Let me talk about the Mercury System.

Actually, let me whinge about omni-mechs. I love 'em. I think they're a great idea. They're stupid and bad, too.

Free carry capacity for battle armor, the ability to swap out micro lasers for a gauss rifle at no real cost, and ease of repair more than offset the logistical and monetary costs of making them. Can't have a big gun in an arm and still punch with it.

And because each one is mostly a tonnage, movement profile, and armor level they don't have as much 'character' as conventional Battlemechs. Even if the Catapult is just an Archer with jump jets and smaller missile racks, it still feels like its own 'mech with its own identity. Omnis are chameleons with none of their own personality.

If you read this blog regularly, and that's just one person, you probably know I like fewer, distinct options instead of a flood of similar or slightly-different options. "Soup" I call it. Omnimechs are like soup, but they also promise a battlefield of fewer, distinct units.

Wherefore: The Mercury System

At What Cost?

What would I do to make more distinct omnimechs with objectively worse, more distinct technology? A system built on the Mercury battlemech's versatility without being a full omnimech. I'd create a new system circa 3049 and add construction-level costs and real pod restrictions. The Mercury System.

Construction-wise, the real costs are tonnage, crits, in-game effects (heat, to-hit modifiers), and out-of-game effects (repair, maintenance, etc.) I do realize that repair and maintenance are effects in other types of Battletech gameplay.

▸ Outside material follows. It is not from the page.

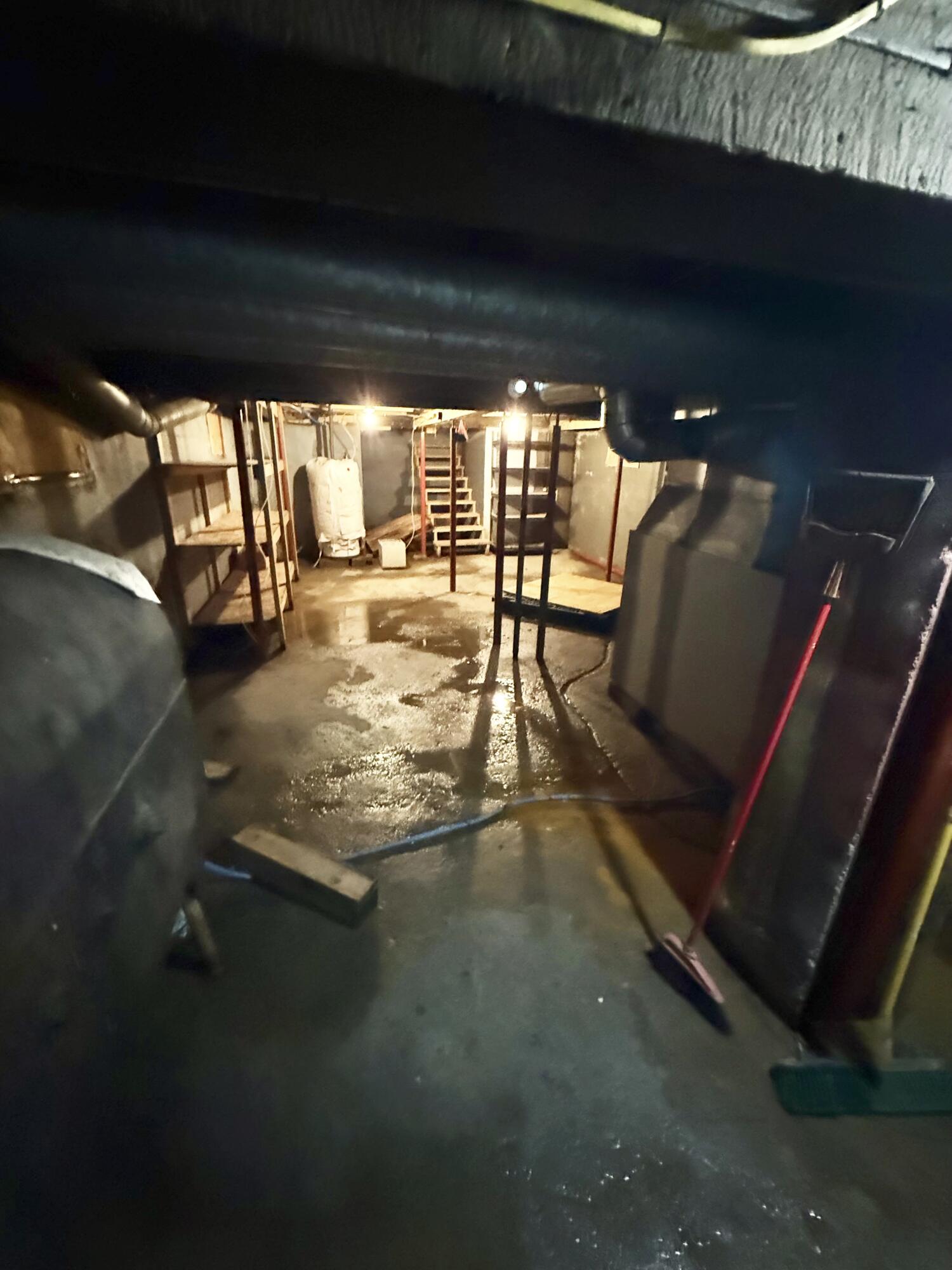 31 Delmont Street, Presque Isle, ME, 04769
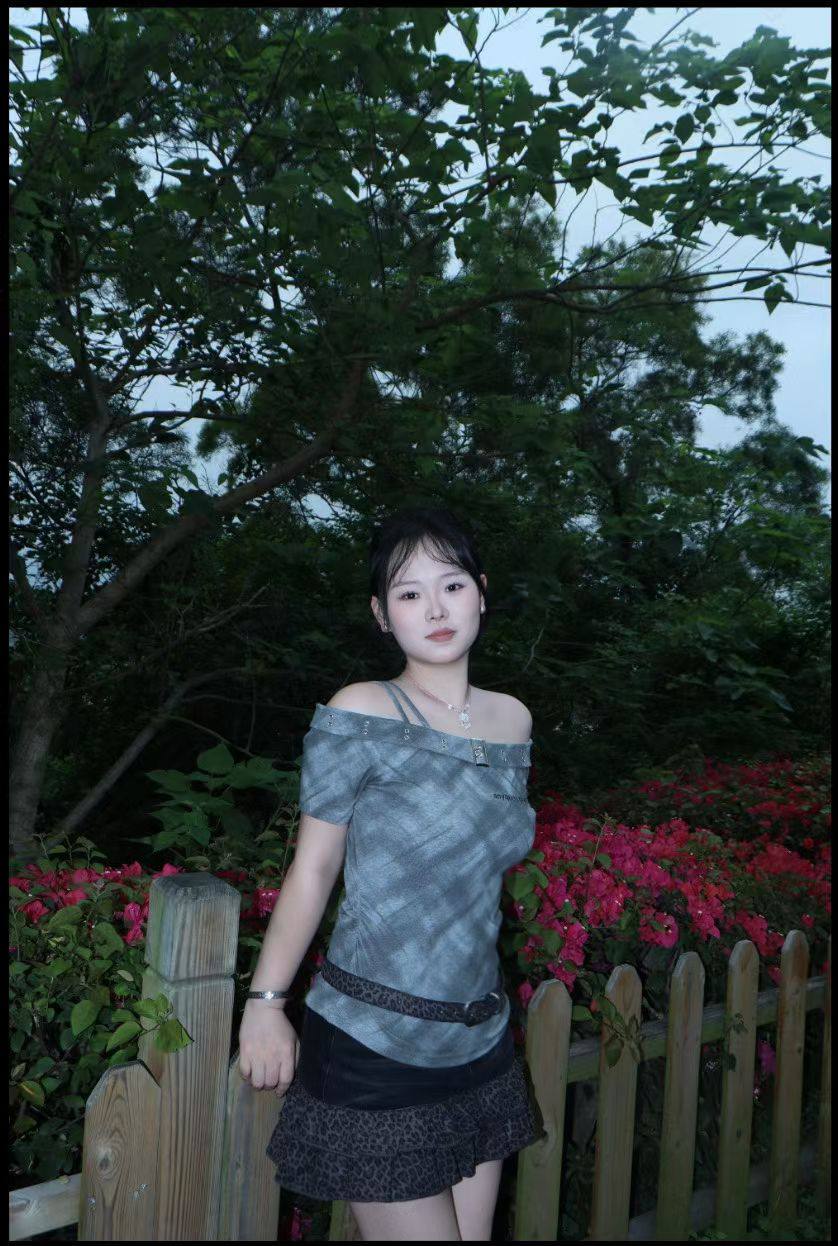 福建 泉州 编号：865638 (点击复制)
➡️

If you've used those, let me know how omnis work in them.

This system is still in progress. I'm just spitballing because it's so fucking barebones. I'd just a 5% tonnage penalty. 5 tons for 100-tonners and 1 ton for 20-tonners. Seems okay. Losing a medium laser from a light 'mech is a hefty price.

Maybe 2.5% to make it more marginal. Maybe a structure surcharge. 12.5% structure of omnis. Let's pin that there. Half a ton for the lightest 'mechs and 2.5 for the heaviest.

You Kids Like Hardpoints, Don't You?

So then, distinction. I had a few seconds of revulsion the first time I played a Battletech video game with hardpoints, but then I instantly loved them. They jibe with my reckoning of the universe and my desire for 'mechs to have a unique character instead of being a lump of critical slots tied to a tonnage slider.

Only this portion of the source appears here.